FIG. 2 is a perspective view showing the configuration of the margin winding part in the first embodiment.

In FIG. 2, the margin winding part 8 comprises a margin winding roller 16, a margin winding roller motor 17, a torque limiter 18, a slit plate 19, and slit sensors 20.

The margin winding roller 16 as a second roller is a roller that winds the marginal portion peeled off the label roll paper.

The margin winding roller motor 17 as a drive means is a motor that drives the margin winding roller 16, and its drive is transmitted by the gear coupling part to the rotation shaft of the margin winding roller 16 and rotates the margin winding roller 16.

The torque limiter 18 as a drive transmission control means is provided on the gear coupling part between the margin winding roller 16 and the margin winding roller motor 17 to prevent the drive of the roller motor 17 from being transmitted to the margin winding roller 16 when a load above a prescribed level is placed on the margin winding roller 16. Because the torque limiter 18 allows the drive of the margin winding roller motor 17 to slip without being transmitted to the margin winding roller 16 when a load above a certain level is placed on the margin winding roller 16, it becomes possible to wind the marginal portion by the margin winding roller 16 while maintaining a constant tension added to the marginal portion to be wound.

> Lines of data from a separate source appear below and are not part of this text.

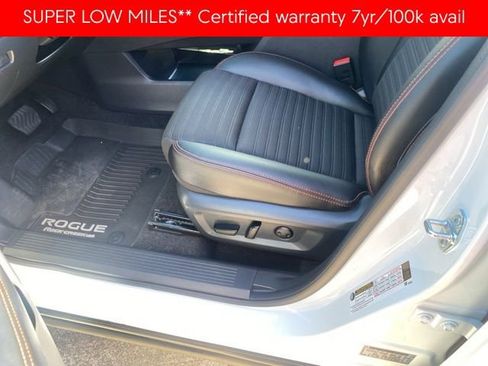 Used 2025 Nissan Rogue SV w/ Rock Creek Premium Package AWD/4WD image 7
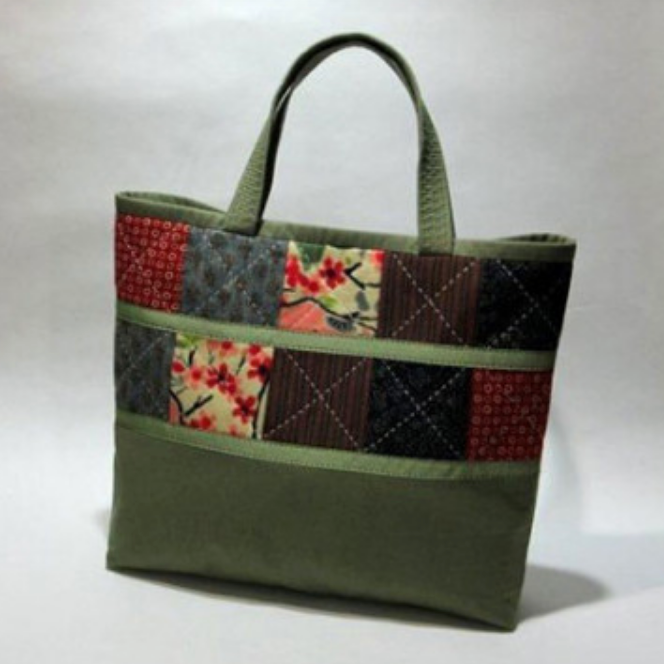 Sashiko Tote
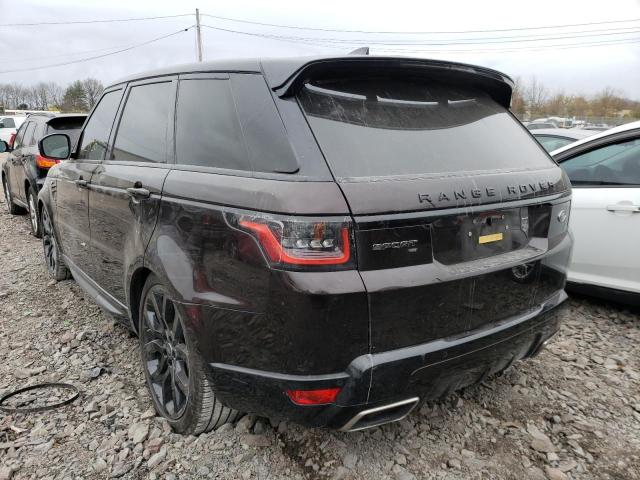 2021 LAND ROVER RANGE ROVER SPORT HSE SILVER EDITION VIN: SALWR2SU7MA763606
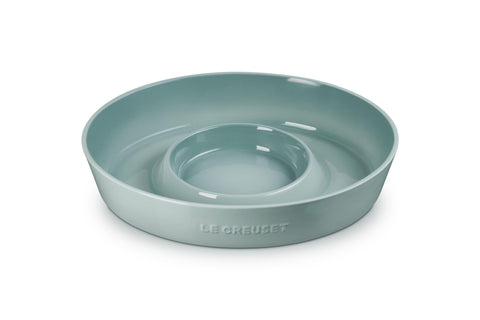 Chip and Dip Platter - Sea Salt 13"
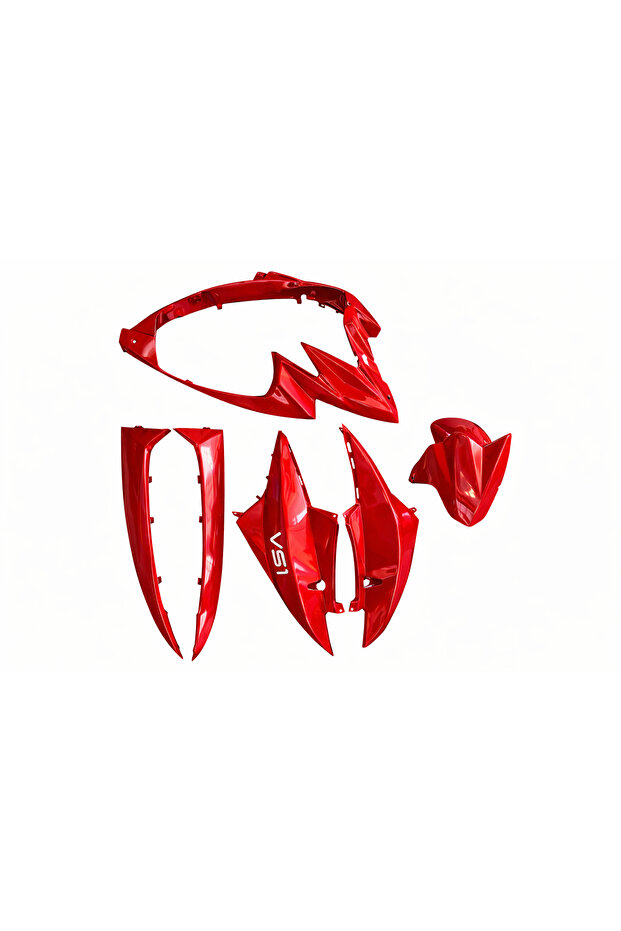 VS1 GRENAJ SETİ 6 PARÇA SİMLİ KIRMIZI - 3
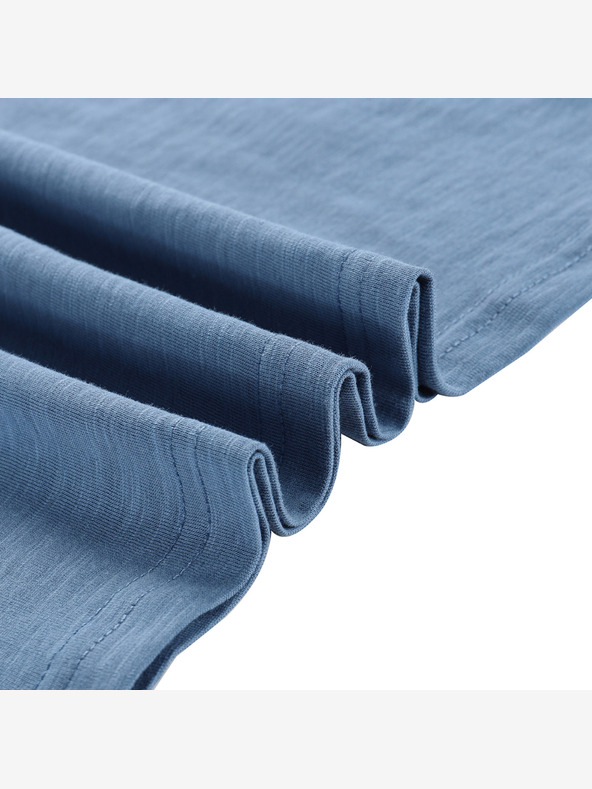 ALPINE PRO Dámske bavlnené tričko ALPINE PRO BOLENA 2 indigovo modrý variant pa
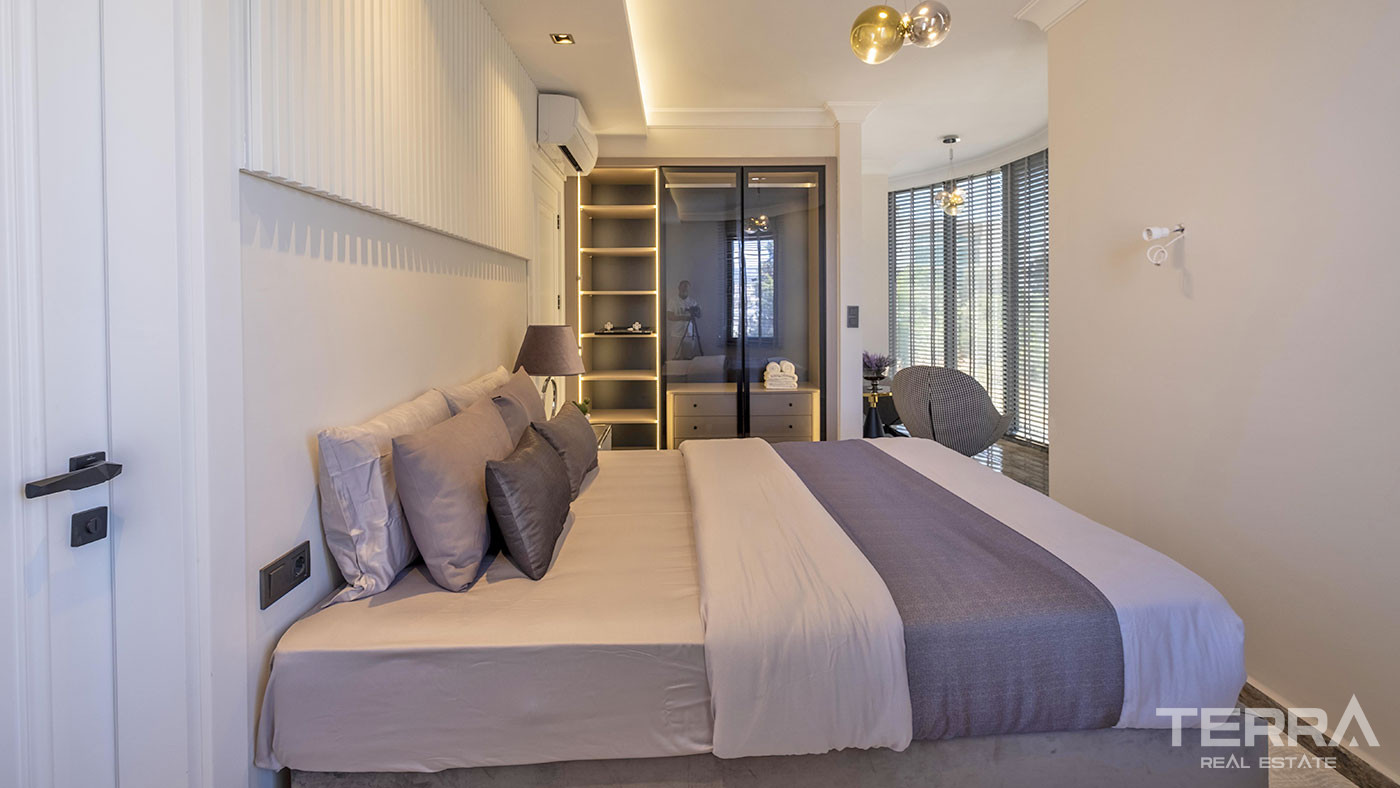Exclusive 4 - Bed Villas with Private Swimming Pool in Alanya, Konaklı - 69032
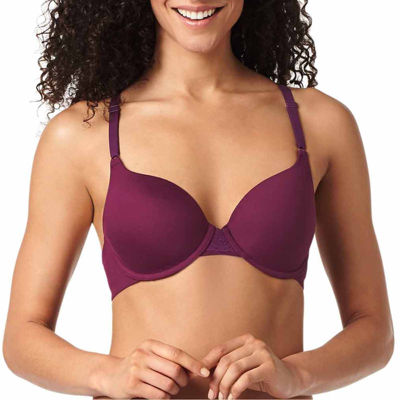 Warner's Cloud 9 Full Coverage Underwire Contour Bra With Lace Back RF2691A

In this manner, the torque limiter 18 performs a control so that when a load below the prescribed level is placed on the margin winding roller 16, the drive of the margin winding roller motor 17 is transmitted to the margin winding roller 16, and when a load above the prescribed level is placed on the margin winding roller 16, the drive of the margin winding roller motor 17 is cut off so as not to be transmitted to the margin winding roller 16.

The slit plate 19 is a disk-shaped part that is attached to the rotation shaft of the margin winding roller 16 and rotates together with the rotation of the rotation shaft of the margin winding roller 16. The slit plate 19 has penetrating holes formed keeping constant intervals along the circumferential direction.

The slit sensors 20 (20a and 20b) as a detection means are transmission-type optical sensors that detect the rotation state such as the rotation, stop, and rotation speed of the rotation shaft of the slit plate 19, that is the margin winding roller 16, by detecting the penetrating holes of the rotating slit plate 19. Each of the slit sensors 20 (20a and 20b) has an emitting part and a receiving part disposed opposing each other across the slit plate 19, and detects the rotation state of the slit plate 19 by detecting the penetrating holes of the rotating slit plate 19. The slit sensor 20a and the slit sensor 20b are disposed apart from each other by 90 degrees in phase to allow detecting the rotation direction of the margin winding roller 16 based on their respective output signals.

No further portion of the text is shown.